PROBLEM REQUIREMENTS: Copy out the data word for word. The images are not part of the copy.

####################

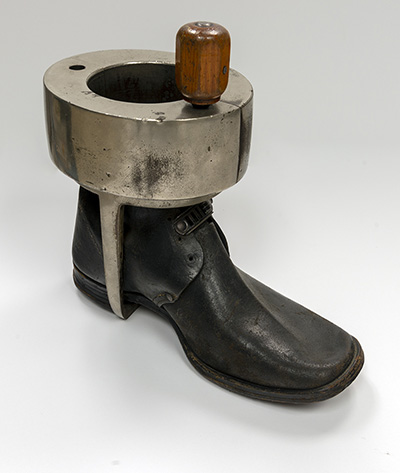 A boot with a metal brace fitting around the ankle and hooked under the heal.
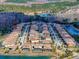 Aerial view of a neighborhood with lake views and manicured lawns at 4132 Woods Rider Loop, Odessa, FL 33556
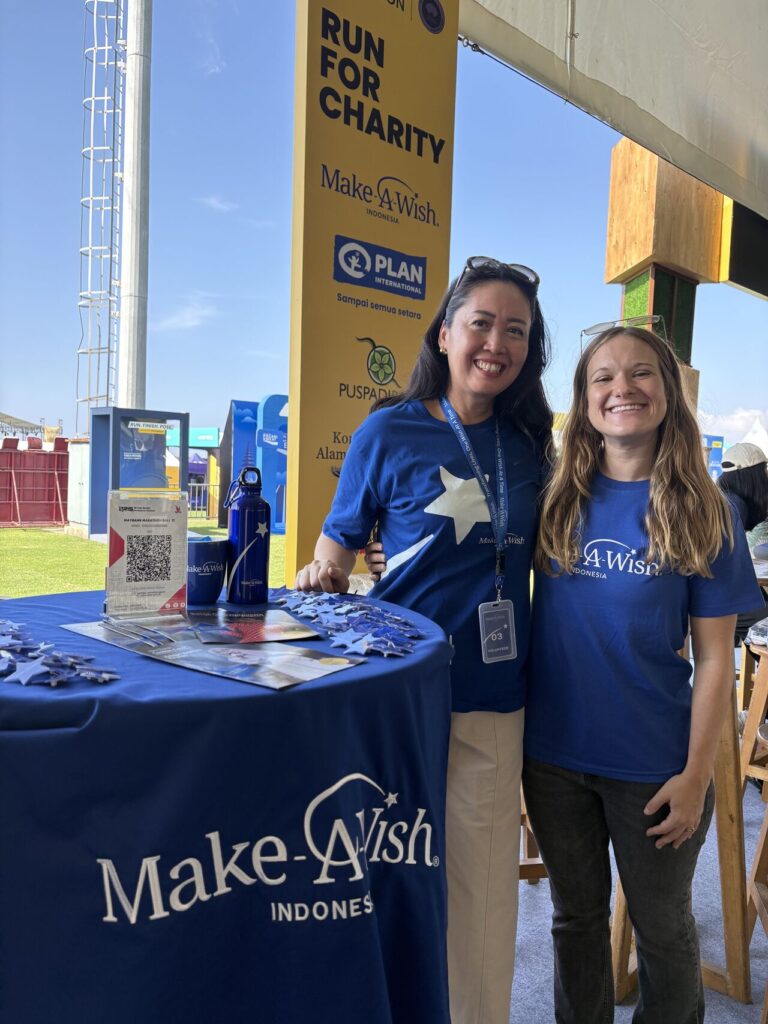 Two women wearing blue Make-A-Wish shirts smile at a stall for a charity run event. The table displays promotional items and a QR code. A yellow event sign and outdoor setting are visible in the background.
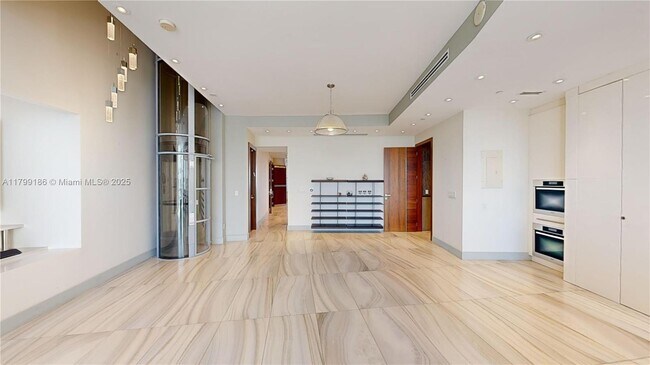 Building Photo - 18201 Collins Ave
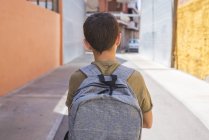 Вид сзади на школьника с рюкзаком прогуливающимся по городской улице днем — стоковое фото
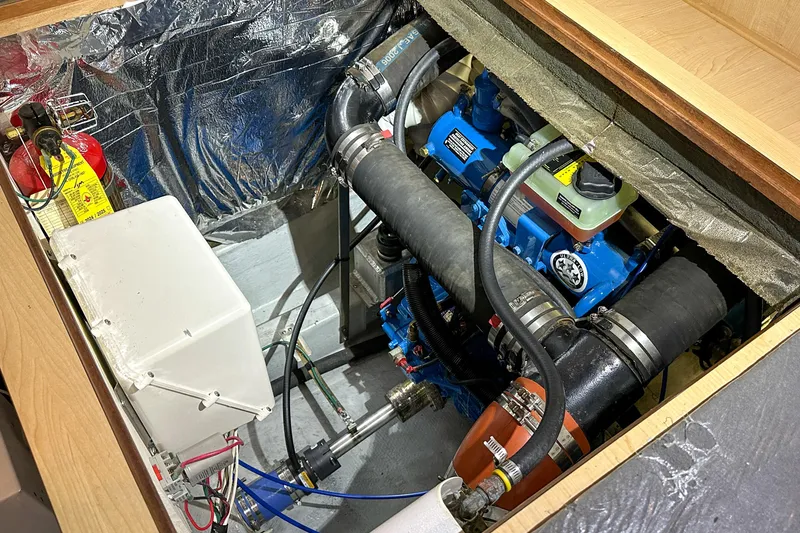 Slide: The Image of Engine compartment of 2012 Bluewater 5200 Custom Series Yacht with visible components and fire extinguisher. - 49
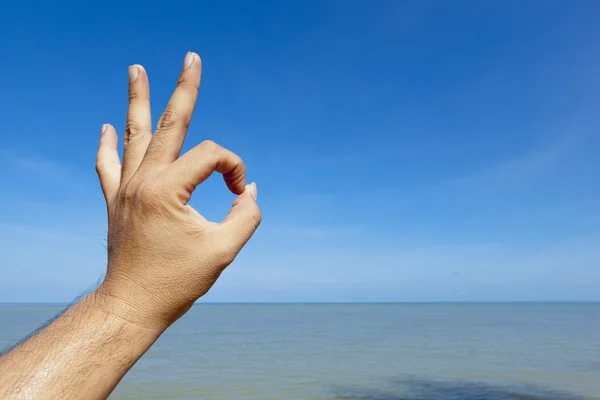 Ok hand sign with beach background — Stock Photo, Image
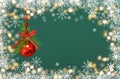 Christmas green background with snowflakes borders, yellow lights and red holiday decorations Royalty Free Stock Photo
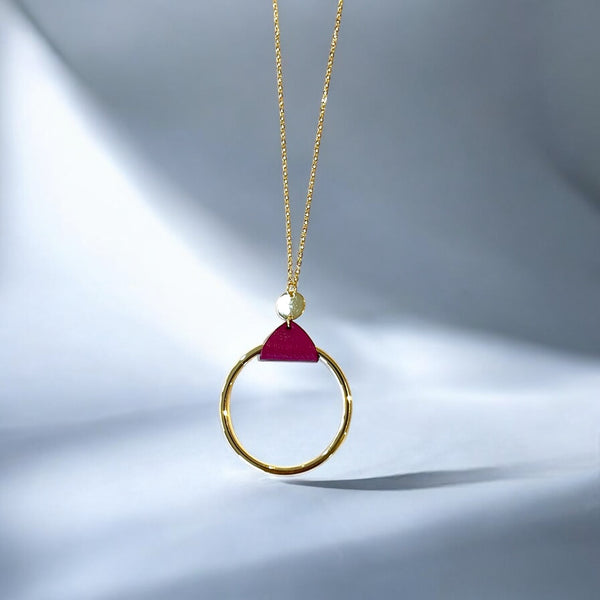 Collier fin dorée avec pendentif grand anneau créole attaché par une fine pièce de cuir pourpre, sur fond gris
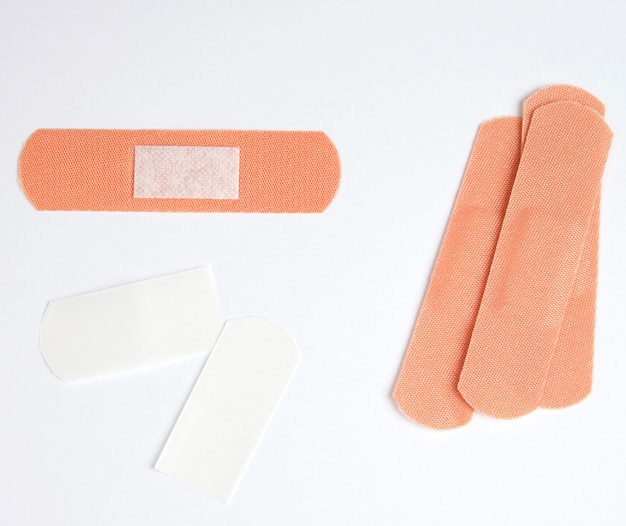 Brown textile sticky patch for wounds on the skin of the body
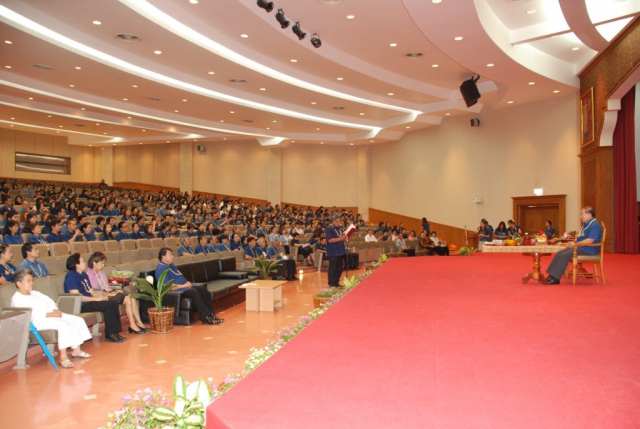 รศ.ดร.วันชัย ศิริชนะ อธิการบดี เดินขึ้นเวที และนั่งเก้าอี้ที่จัดไว้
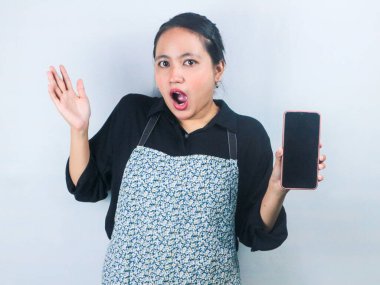 Şaşırtıcı bir ifade Asyalı garson cep telefonunu boş ekran ile tutuyor. Kopya alanı oluştur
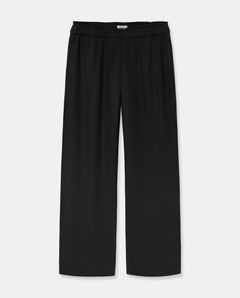 Pantalon noir en tissu fluide Tencel, coupe large et droite, taille élastiquée pour un confort adapté à toutes les morphologies féminines.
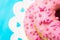 Stack of pink glazed doughnuts with sugar sprinkles on white cake stand with hearts, light blue background, copyspace, birthday, c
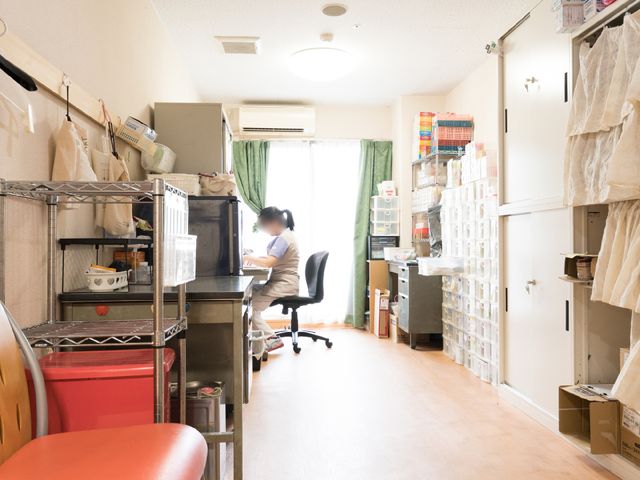 スタッフが作業する居室 スタッフルーム スタッフの方がデスクワークをされている居室です。整理された物品と光が差し込む窓が印象的です。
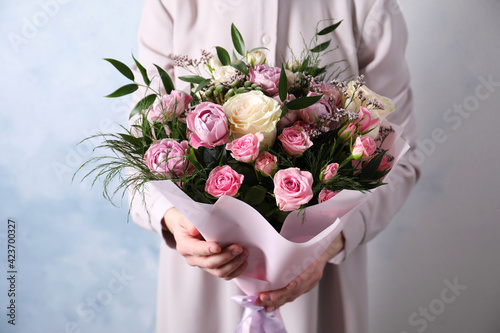 Fototapeta Naklejka Na Ścianę i Meble -  Woman with bouquet of beautiful roses on light blue background, closeup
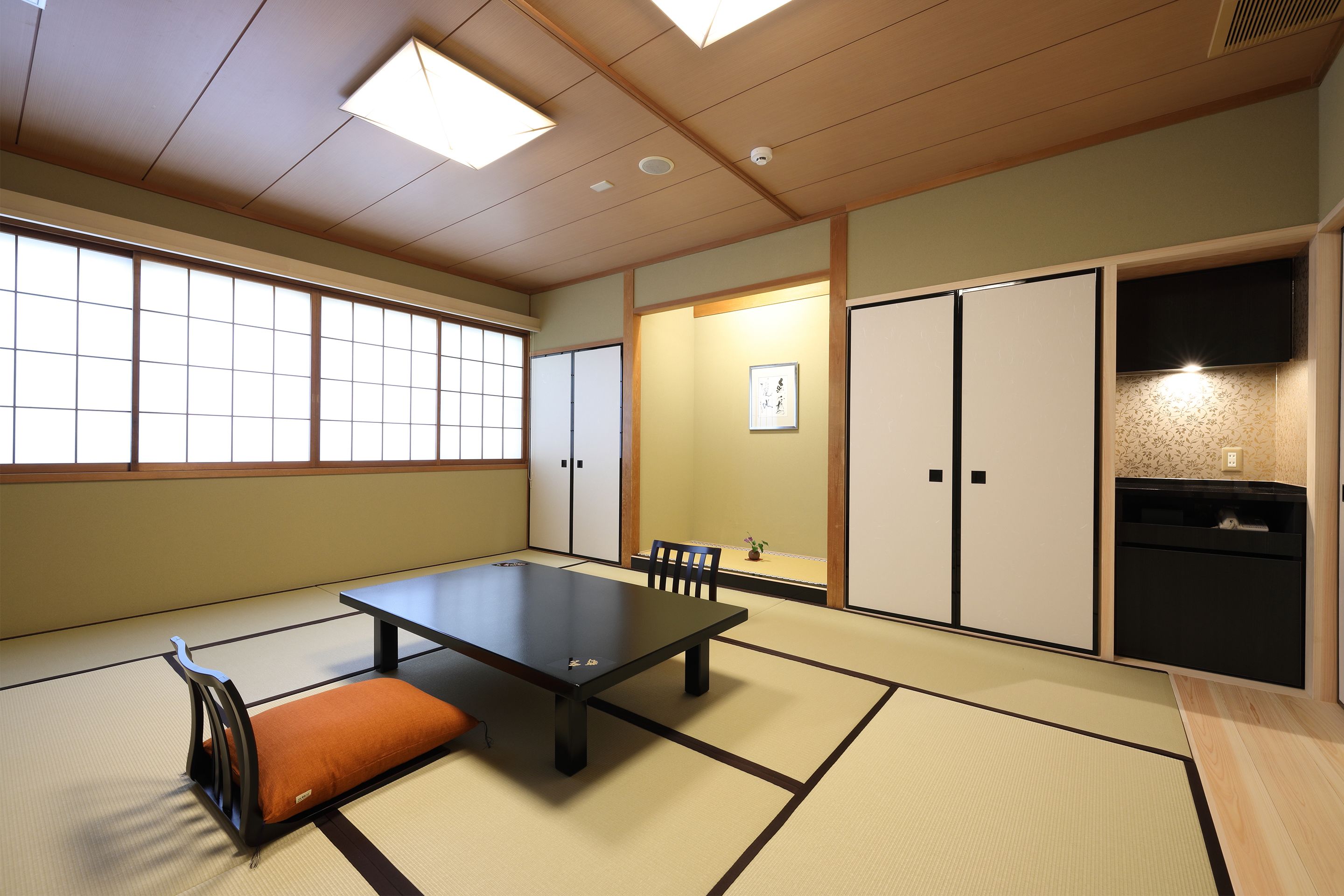 A tatami room with a low table, cushions, and sliding doors.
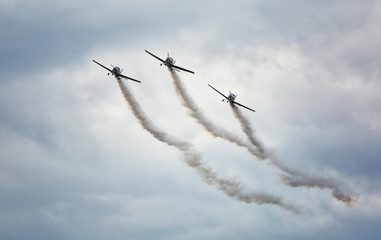 Airplanes on airshow. Aerobatic team performs flight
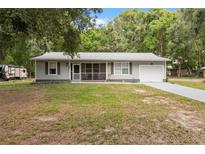 Charming one-story home with a well-manicured lawn and a gray exterior at 7340 20Th, Zephyrhills, FL 33540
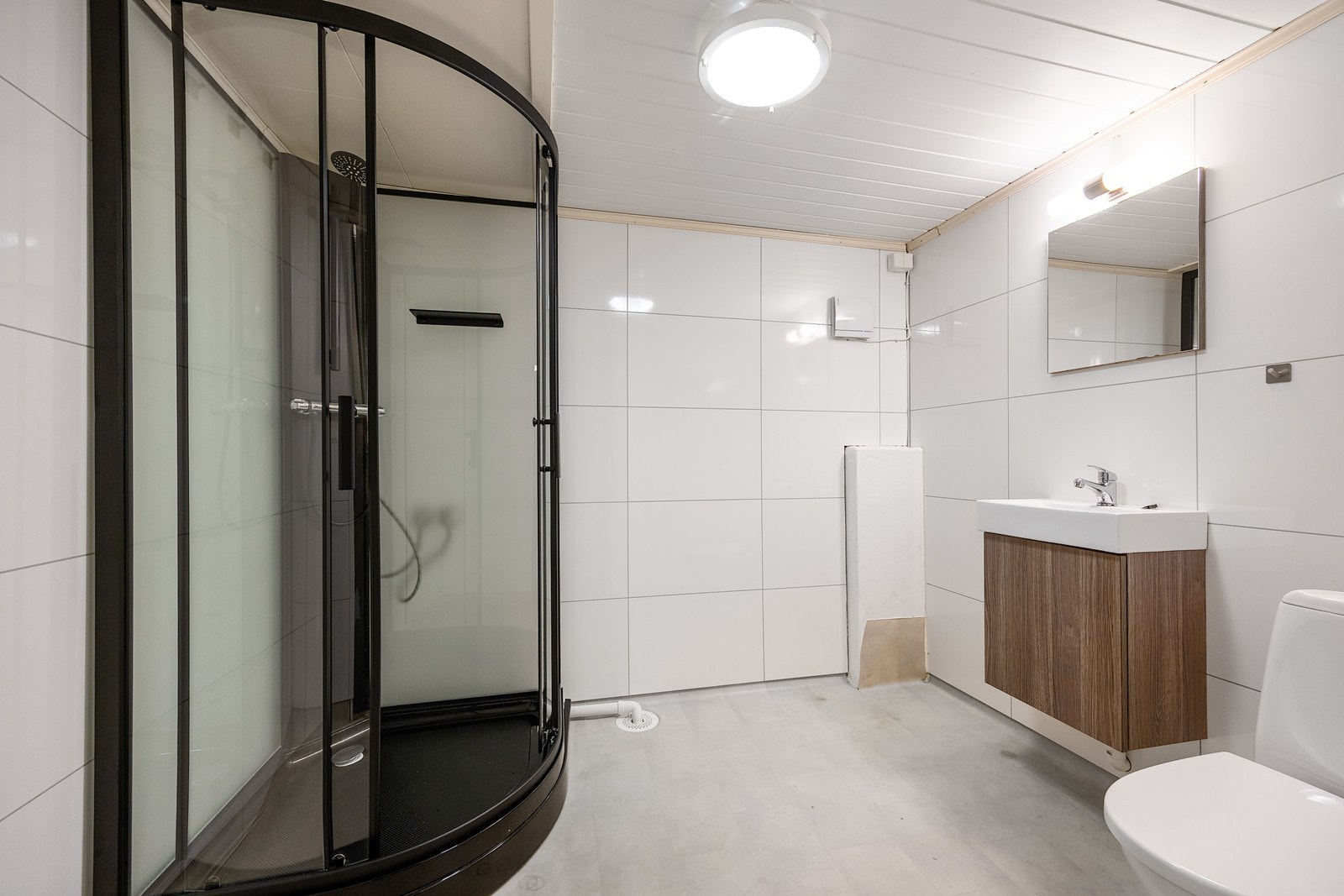 Rom i kjelleren som er innredet som baderom med servant i servantskap, dusjkabinett og toalett. Galleribilde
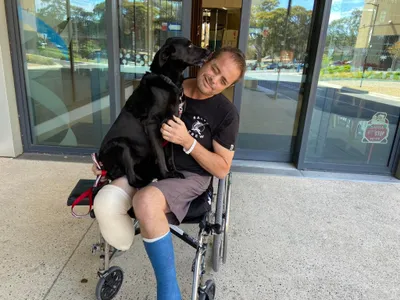Tim in a wheelchair just out of hospital, hugging his dog Maisey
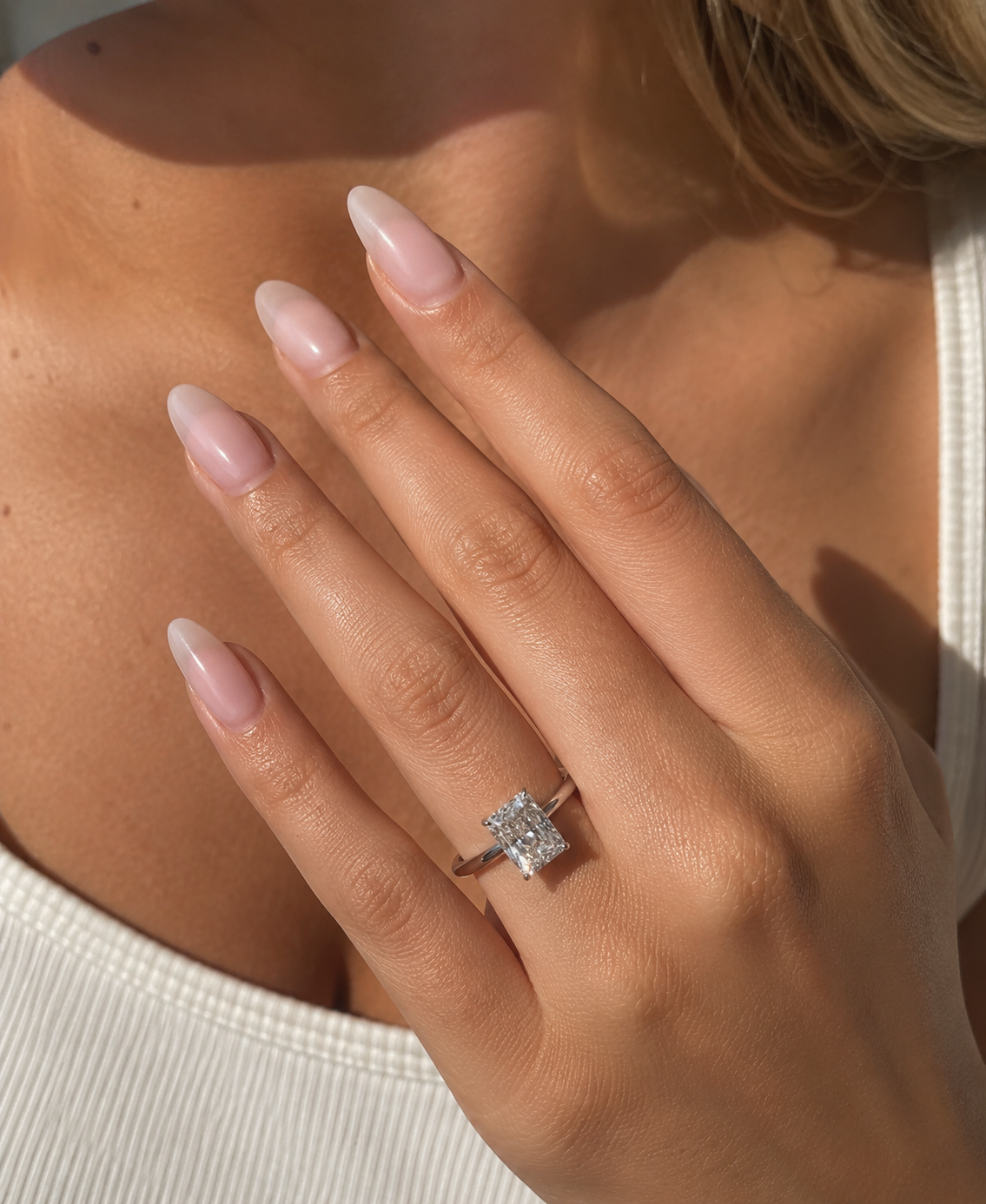 2.94 carat radiant cut lab-grown diamond solitaire engagement ring on woman finger.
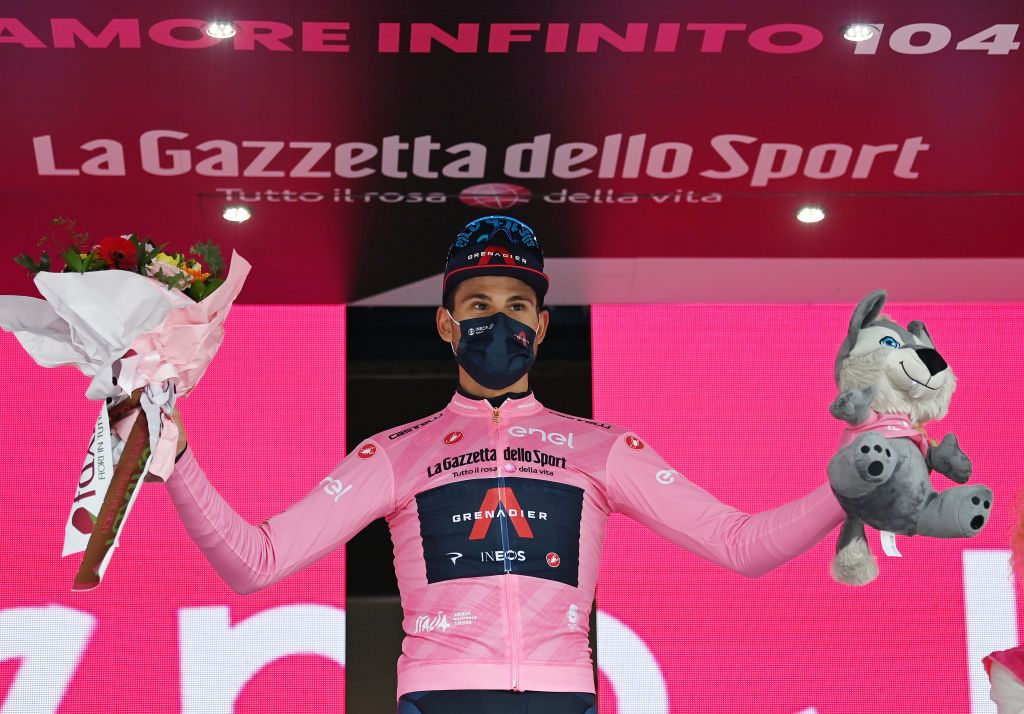 CANALE ITALY MAY 10 Filippo Ganna of Italy and Team INEOS Grenadiers Pink Leader Jersey celebrates at podium during the 104th Giro dItalia 2021 Stage 3 a 190km stage from Biella to Canale girodiitalia Mask Covid safety measures Mascot Giro on May 10 2021 in Canale Italy Photo by Stuart FranklinGetty Images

####################

THE ANSWER:
 A boot with a metal brace fitting around the ankle and hooked under the heal.
 Aerial view of a neighborhood with lake views and manicured lawns at 4132 Woods Rider Loop, Odessa, FL 33556
 Two women wearing blue Make-A-Wish shirts smile at a stall for a charity run event. The table displays promotional items and a QR code. A yellow event sign and outdoor setting are visible in the background.
 Building Photo - 18201 Collins Ave
 Вид сзади на школьника с рюкзаком прогуливающимся по городской улице днем — стоковое фото
 Slide: The Image of Engine compartment of 2012 Bluewater 5200 Custom Series Yacht with visible components and fire extinguisher. - 49
 Ok hand sign with beach background — Stock Photo, Image
 Christmas green background with snowflakes borders, yellow lights and red holiday decorations Royalty Free Stock Photo
 Collier fin dorée avec pendentif grand anneau créole attaché par une fine pièce de cuir pourpre, sur fond gris
 Brown textile sticky patch for wounds on the skin of the body
 รศ.ดร.วันชัย ศิริชนะ อธิการบดี เดินขึ้นเวที และนั่งเก้าอี้ที่จัดไว้
 Şaşırtıcı bir ifade Asyalı garson cep telefonunu boş ekran ile tutuyor. Kopya alanı oluştur
 Pantalon noir en tissu fluide Tencel, coupe large et droite, taille élastiquée pour un confort adapté à toutes les morphologies féminines.
 Stack of pink glazed doughnuts with sugar sprinkles on white cake stand with hearts, light blue background, copyspace, birthday, c
 スタッフが作業する居室 スタッフルーム スタッフの方がデスクワークをされている居室です。整理された物品と光が差し込む窓が印象的です。
 Fototapeta Naklejka Na Ścianę i Meble -  Woman with bouquet of beautiful roses on light blue background, closeup
 A tatami room with a low table, cushions, and sliding doors.
 Airplanes on airshow. Aerobatic team performs flight
 Charming one-story home with a well-manicured lawn and a gray exterior at 7340 20Th, Zephyrhills, FL 33540
 Rom i kjelleren som er innredet som baderom med servant i servantskap, dusjkabinett og toalett. Galleribilde
Tim in a wheelchair just out of hospital, hugging his dog Maisey
 2.94 carat radiant cut lab-grown diamond solitaire engagement ring on woman finger.
 CANALE ITALY MAY 10 Filippo Ganna of Italy and Team INEOS Grenadiers Pink Leader Jersey celebrates at podium during the 104th Giro dItalia 2021 Stage 3 a 190km stage from Biella to Canale girodiitalia Mask Covid safety measures Mascot Giro on May 10 2021 in Canale Italy Photo by Stuart FranklinGetty Images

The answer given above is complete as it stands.